Exercise requirements:
Below are records; from the line containing "Shengke Gold Watch" through the very last line, output each line exactly. No pictures.

══ Data for analysis ══

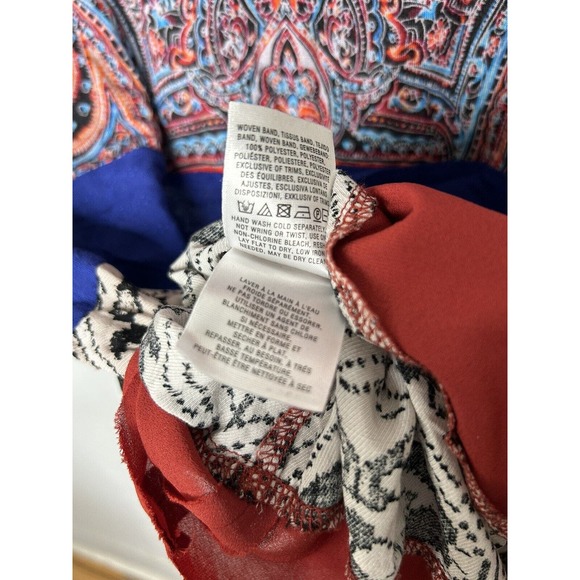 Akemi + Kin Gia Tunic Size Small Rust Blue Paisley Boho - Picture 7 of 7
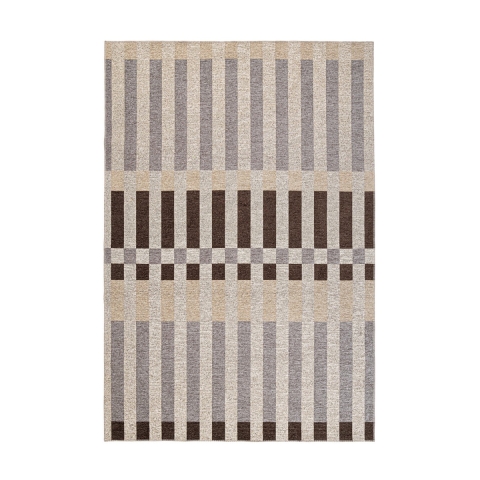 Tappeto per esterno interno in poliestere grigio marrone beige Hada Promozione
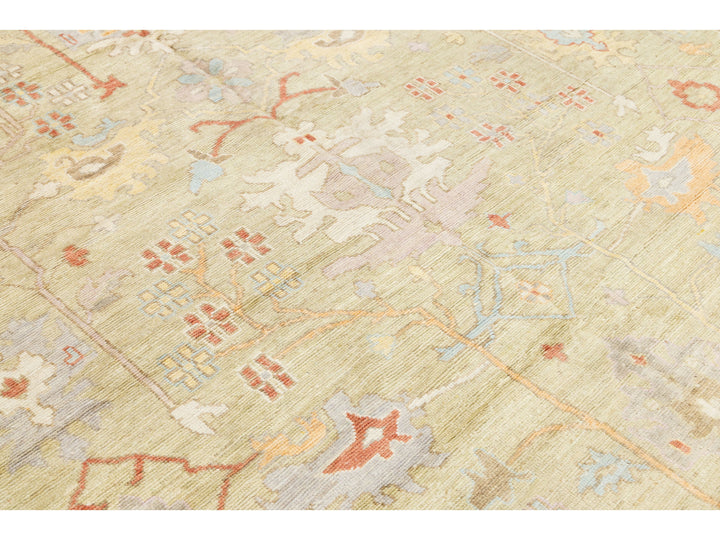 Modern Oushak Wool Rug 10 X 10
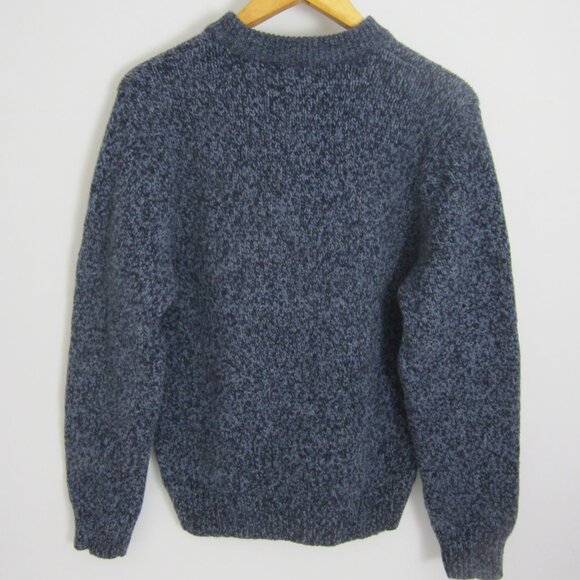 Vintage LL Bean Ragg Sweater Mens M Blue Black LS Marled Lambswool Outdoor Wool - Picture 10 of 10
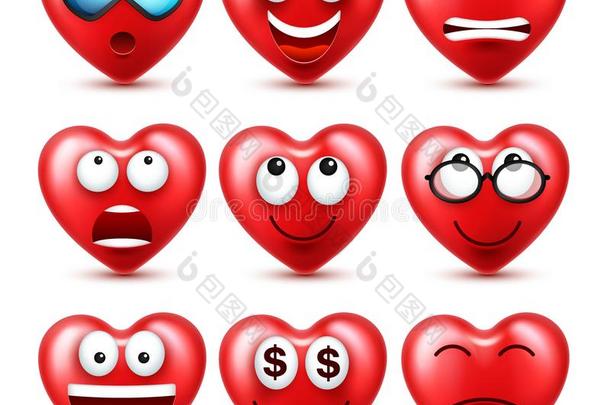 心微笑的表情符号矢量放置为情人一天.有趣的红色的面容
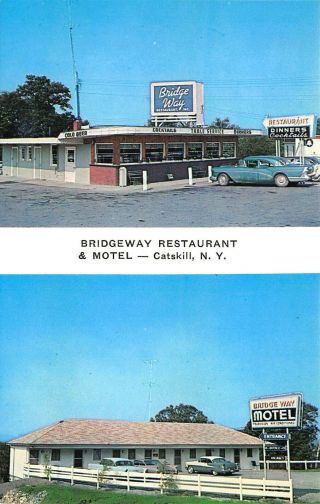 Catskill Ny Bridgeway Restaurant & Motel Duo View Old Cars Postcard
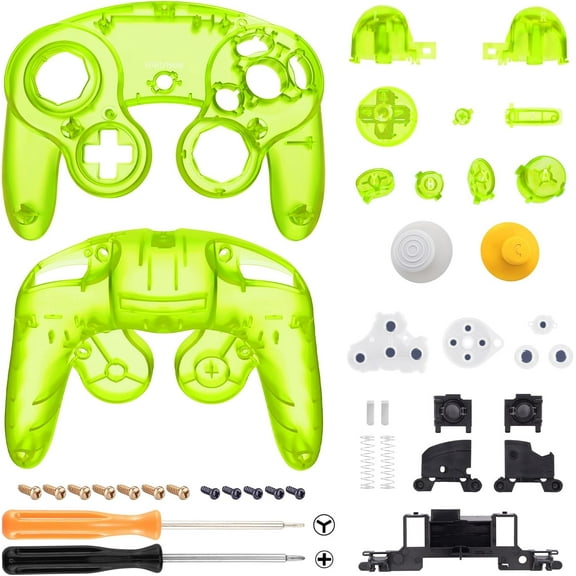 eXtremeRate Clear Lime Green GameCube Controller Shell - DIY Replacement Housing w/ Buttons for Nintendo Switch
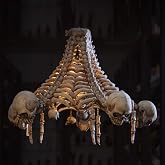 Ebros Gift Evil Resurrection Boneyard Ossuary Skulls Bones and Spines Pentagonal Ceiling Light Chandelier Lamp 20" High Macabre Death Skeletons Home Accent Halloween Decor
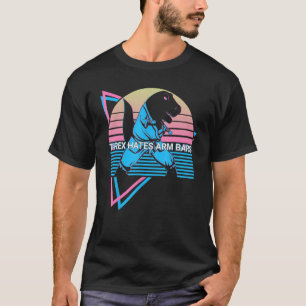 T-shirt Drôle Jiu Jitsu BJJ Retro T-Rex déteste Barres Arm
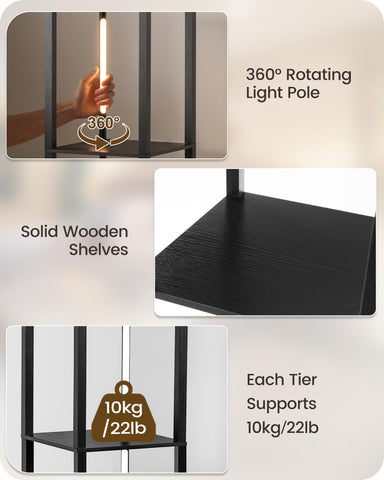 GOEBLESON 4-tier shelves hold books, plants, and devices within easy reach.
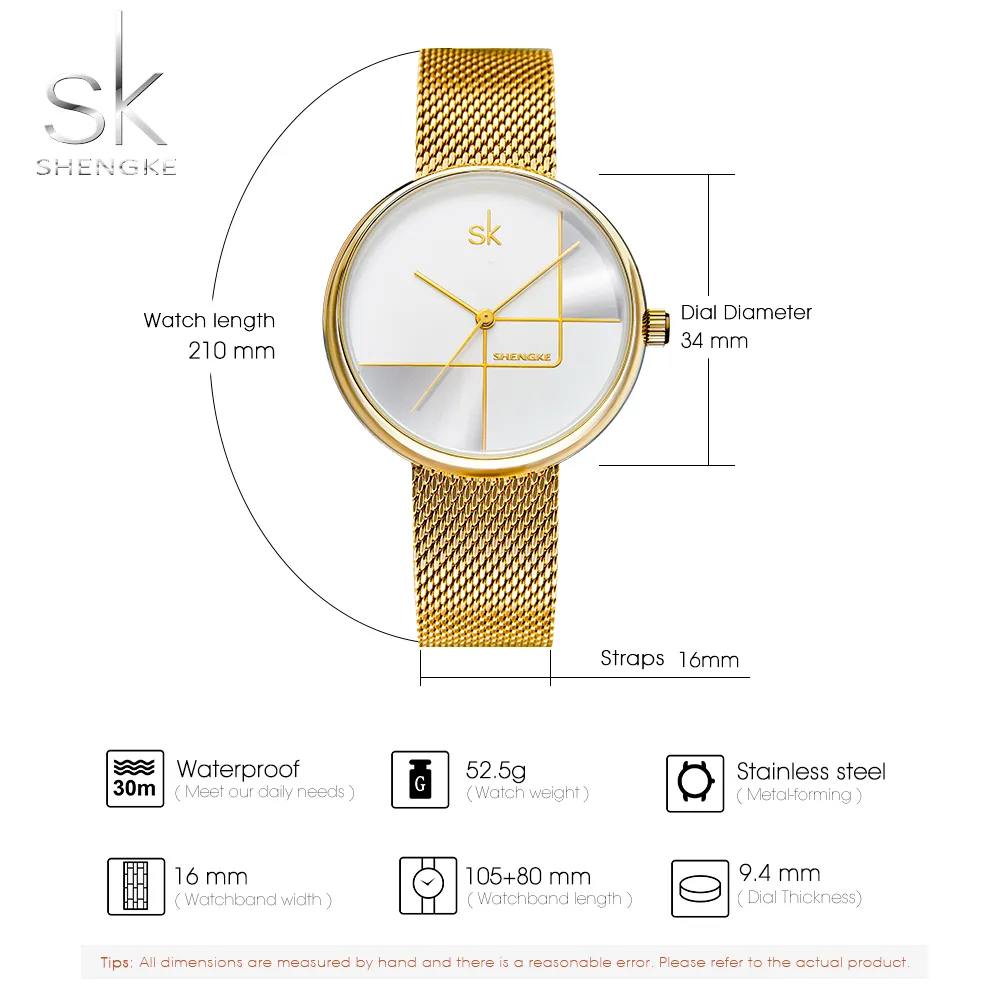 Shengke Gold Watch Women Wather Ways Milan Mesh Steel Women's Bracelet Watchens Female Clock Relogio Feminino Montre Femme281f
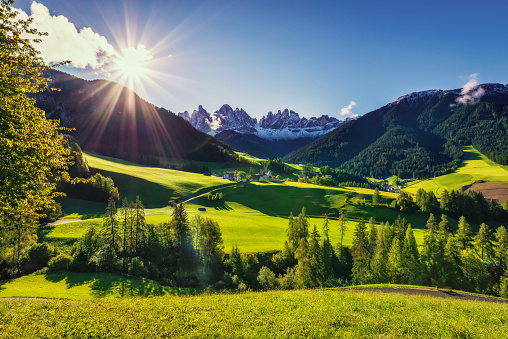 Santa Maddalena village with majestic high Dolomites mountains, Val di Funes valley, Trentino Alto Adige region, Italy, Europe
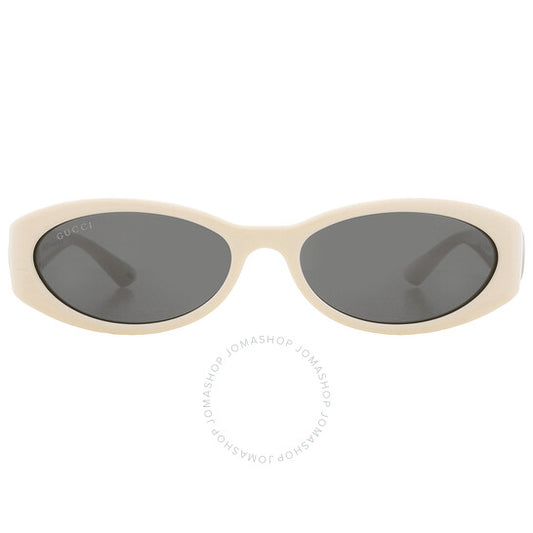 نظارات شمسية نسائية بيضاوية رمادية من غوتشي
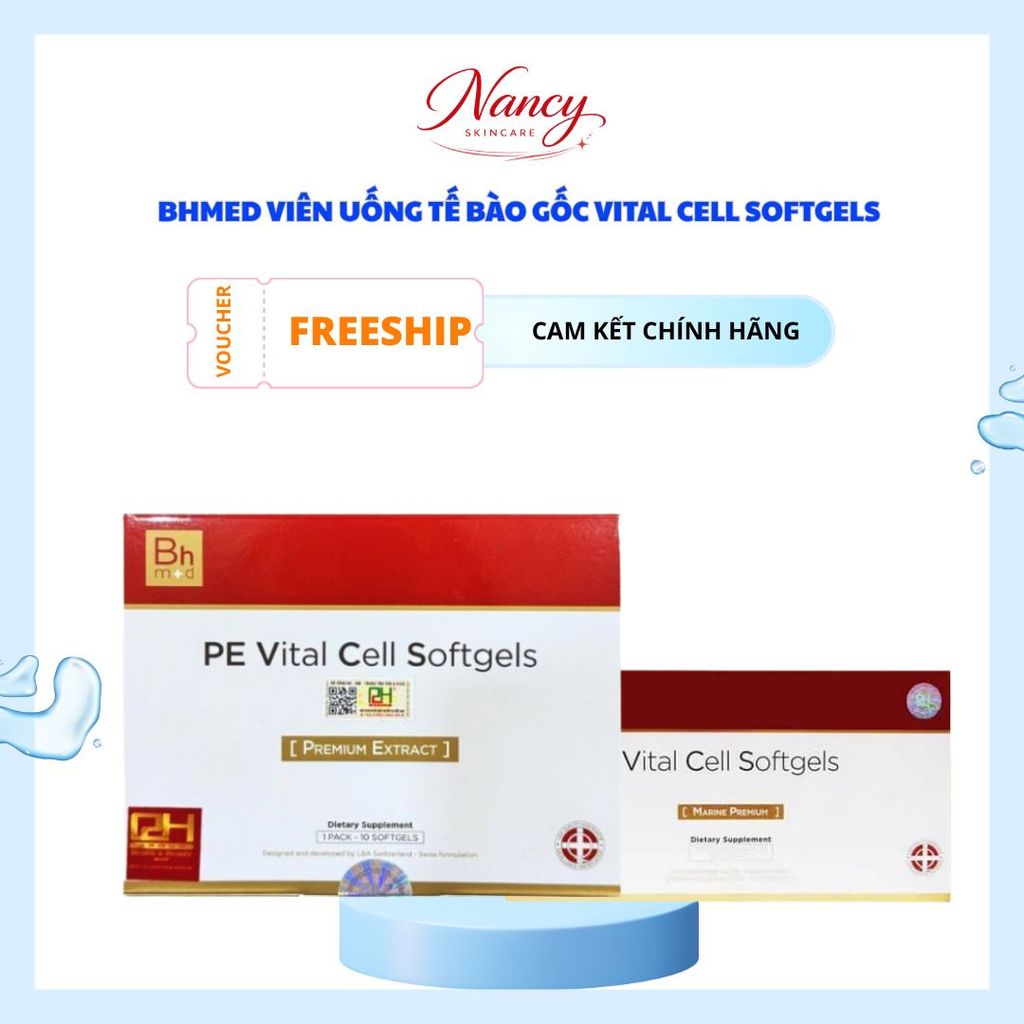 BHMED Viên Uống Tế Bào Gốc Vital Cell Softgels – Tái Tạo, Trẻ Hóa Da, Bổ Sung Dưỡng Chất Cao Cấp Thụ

═══

Task output:
 Shengke Gold Watch Women Wather Ways Milan Mesh Steel Women's Bracelet Watchens Female Clock Relogio Feminino Montre Femme281f
 Santa Maddalena village with majestic high Dolomites mountains, Val di Funes valley, Trentino Alto Adige region, Italy, Europe
 نظارات شمسية نسائية بيضاوية رمادية من غوتشي
 BHMED Viên Uống Tế Bào Gốc Vital Cell Softgels – Tái Tạo, Trẻ Hóa Da, Bổ Sung Dưỡng Chất Cao Cấp Thụ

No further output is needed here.